THE FACTORY GIRLS, by Frank McGuinness. Directed by Malcolm Adams. Starring Gerry Glennon, Victoria McCormack, Diane Flynn, Bronagh Harmon and Tony Caffrey. Produced by the Macalla Theatre Company. At the Woodlawn Heights Presbyterian Church, 240th Street and Martha Avenue, Woodlawn, the Bronx. Through May 18.

Playwright Frank McGuinness’s first produced play, “The Factory Girls,” staged by the Abbey Theatre in 1980, and then at London’s Royal Court, has never had a New York production – until now. It is finally on view in a limited run, but the venue isn’t Broadway or even off-Broadway, but the basement of a Presbyterian church in the Woodlawn section of the Bronx.

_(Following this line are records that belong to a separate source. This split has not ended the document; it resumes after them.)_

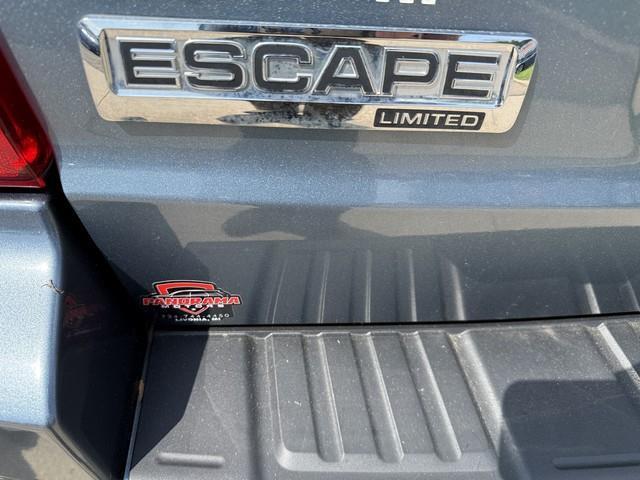 Ford Escape Limited 4WD 2011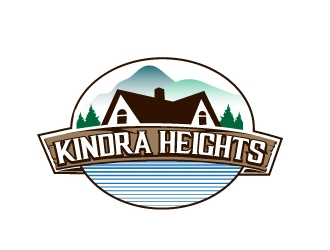 Kindra Heights logo design by tec343
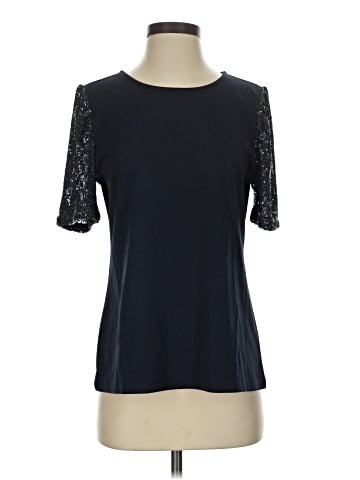 Ann Taylor Short Sleeve Top (view 1)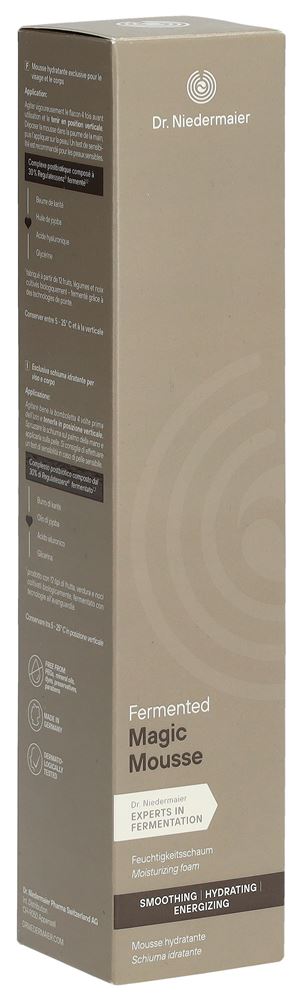 Dr. Niedermaier Fermented Magic Mousse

The gifted playwright, adaptor and translator, celebrated on Broadway for “Someone Who’ll Watch Over Me” and for his dazzling adaptation of Henrik Ibsen’s “A Doll’s House,” limited himself in his first play to County Donegal, where he was born in the town of Buncrana.

“The Factory Girls” takes place in a modest Donegal shirt factory, not far from the Leitrim border, at a time when the operation has undergone a change of ownership, rendering the organization’s all-female labor force extremely edgy about their collective future.

Having been informed that more work, a greater degree of productivity, will be required of them under the new management, the five women who staff the workroom settle upon a work action to make their position clear to their employers.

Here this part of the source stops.